Exercise description: All that is wanted is the exact text of the lines below from the one with "Svarta plattformssnöskor med" through the one with "Andre The Giant", inclusive, minus any pictures.

Task material:
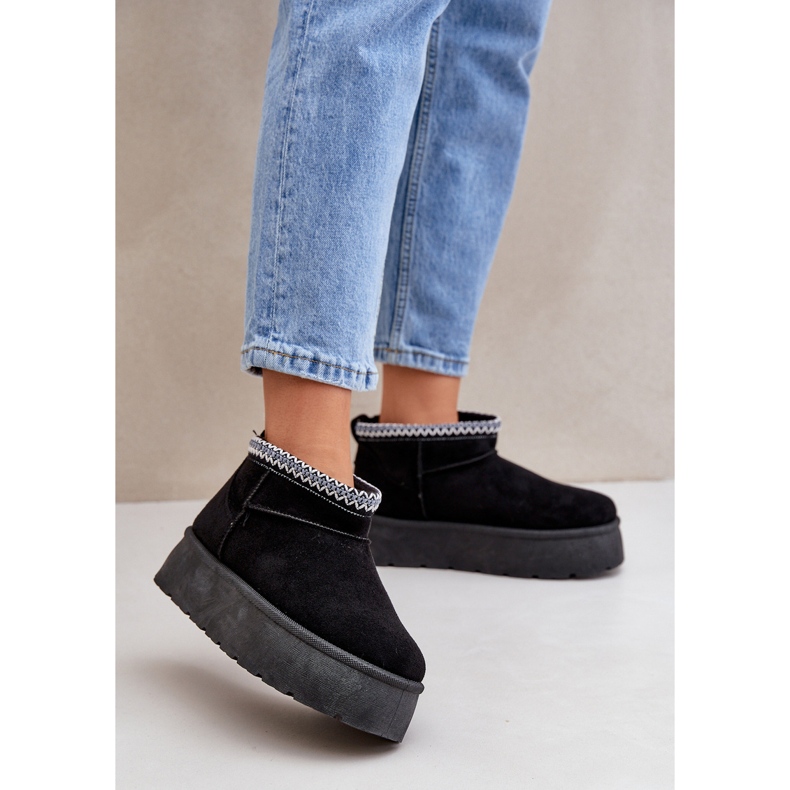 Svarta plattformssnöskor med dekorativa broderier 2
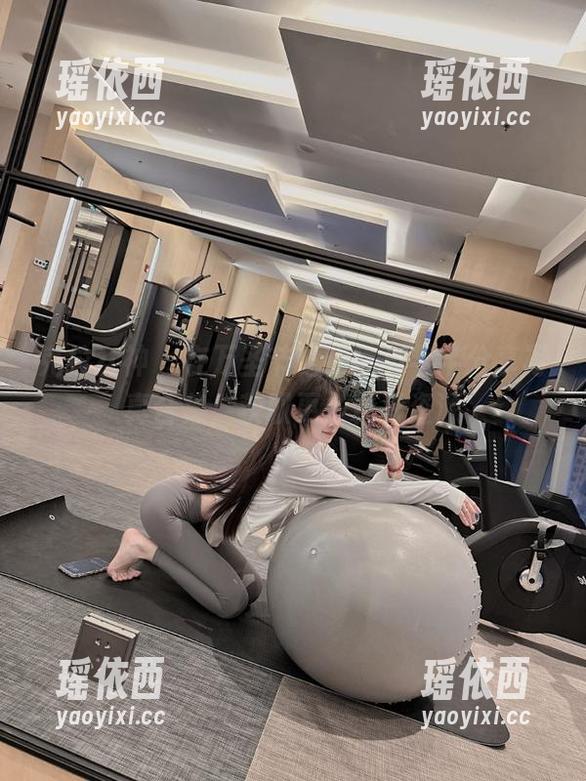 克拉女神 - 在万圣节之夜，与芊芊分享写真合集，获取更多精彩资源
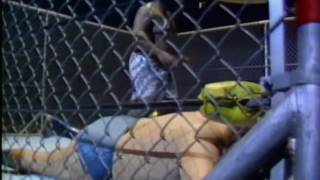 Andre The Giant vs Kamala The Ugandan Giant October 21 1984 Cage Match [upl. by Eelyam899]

---

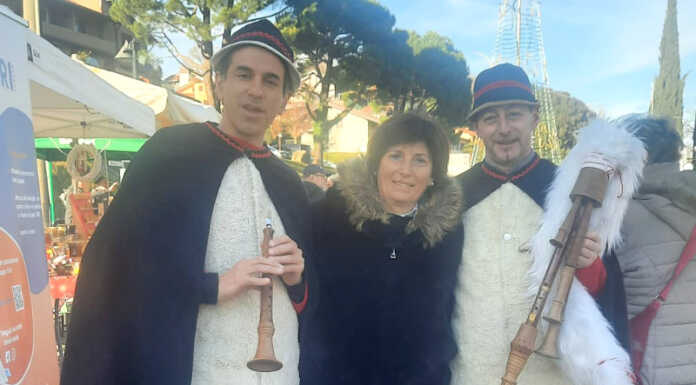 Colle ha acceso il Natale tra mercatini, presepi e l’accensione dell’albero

Exercise solution:
 Svarta plattformssnöskor med dekorativa broderier 2
 克拉女神 - 在万圣节之夜，与芊芊分享写真合集，获取更多精彩资源
 Andre The Giant vs Kamala The Ugandan Giant October 21 1984 Cage Match [upl. by Eelyam899]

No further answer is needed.